- _Excerpted records_:
=======
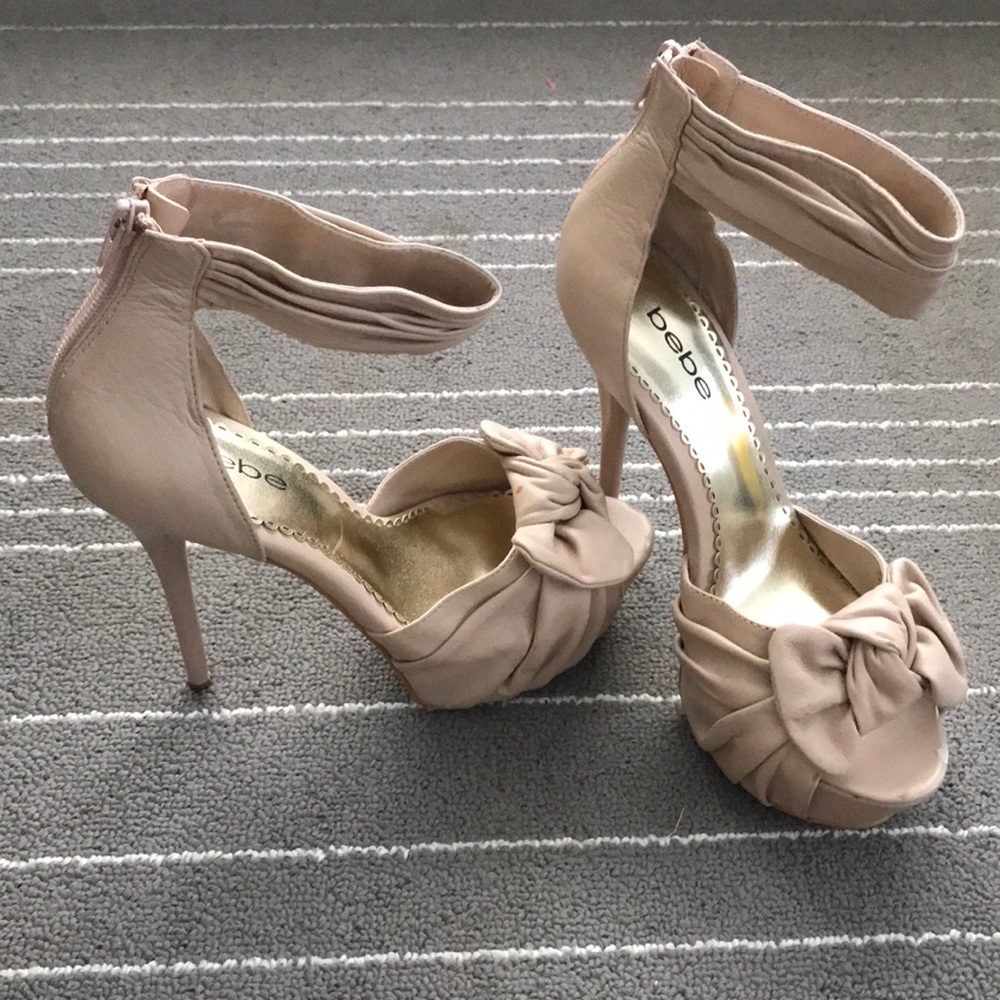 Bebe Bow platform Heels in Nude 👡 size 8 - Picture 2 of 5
=======
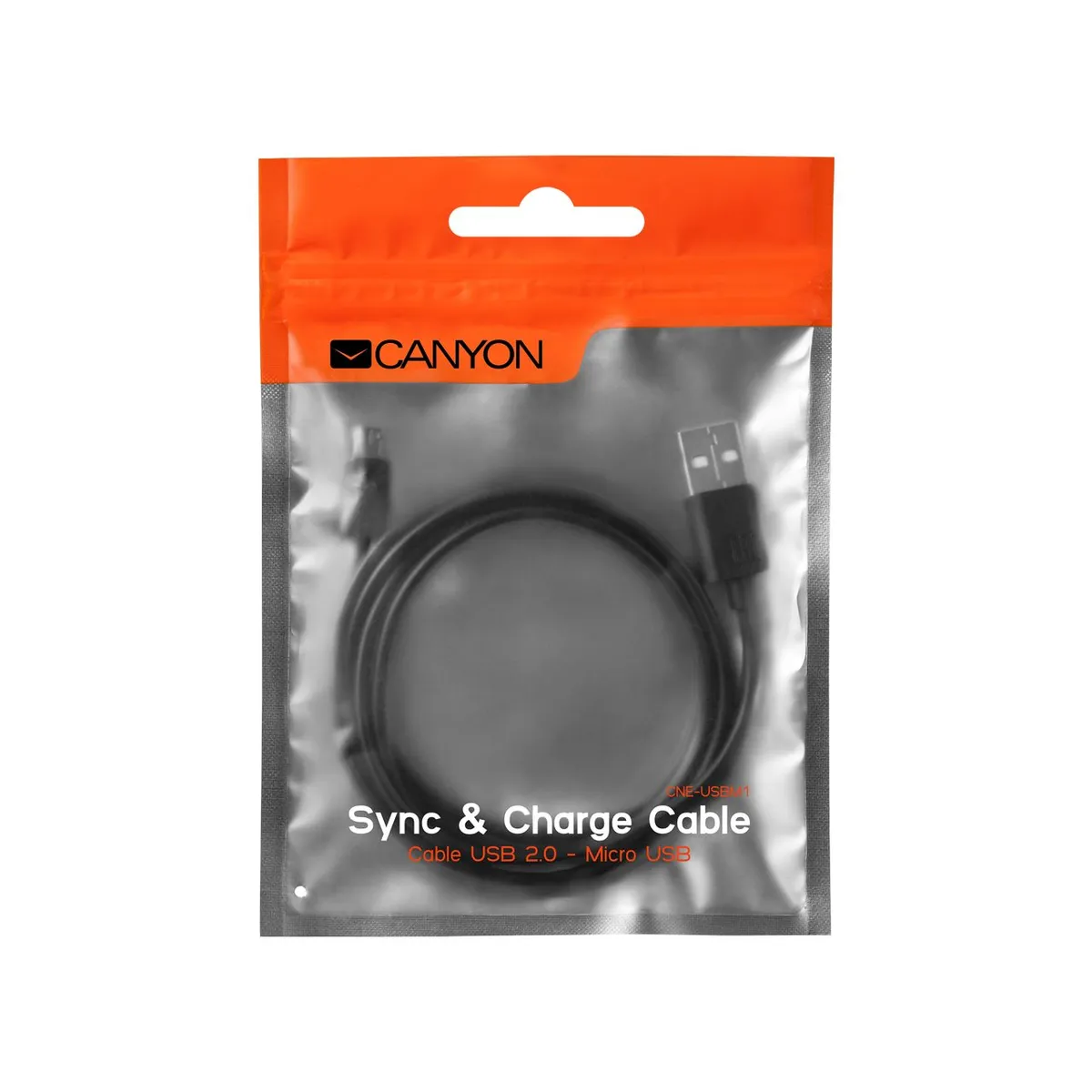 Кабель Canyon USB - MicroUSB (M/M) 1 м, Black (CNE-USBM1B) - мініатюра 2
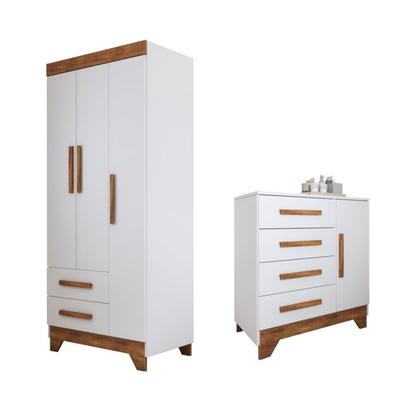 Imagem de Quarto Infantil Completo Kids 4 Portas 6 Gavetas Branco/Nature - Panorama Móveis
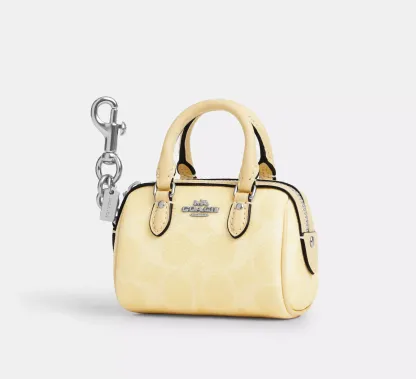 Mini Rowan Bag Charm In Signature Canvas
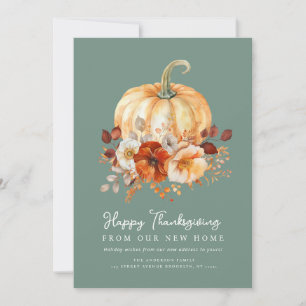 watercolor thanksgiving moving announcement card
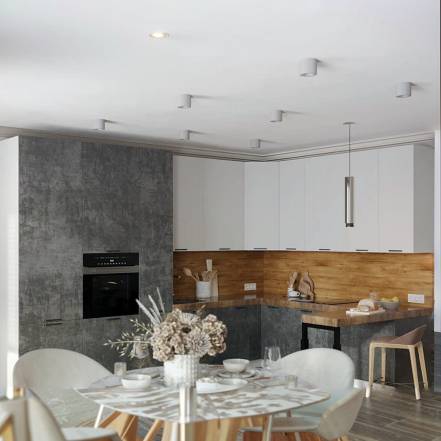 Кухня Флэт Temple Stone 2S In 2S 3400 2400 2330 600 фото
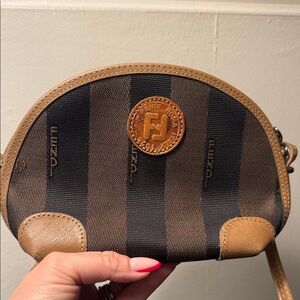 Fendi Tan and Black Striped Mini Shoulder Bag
=======
- _Task to complete_:
Within the entries above, give again exactly the lines starting at the one that contains "Кухня Флэт Temple" and ending at the one that contains "Fendi Tan and", leaving out the pictures.

- _Problem solution_:
 Кухня Флэт Temple Stone 2S In 2S 3400 2400 2330 600 фото
 Fendi Tan and Black Striped Mini Shoulder Bag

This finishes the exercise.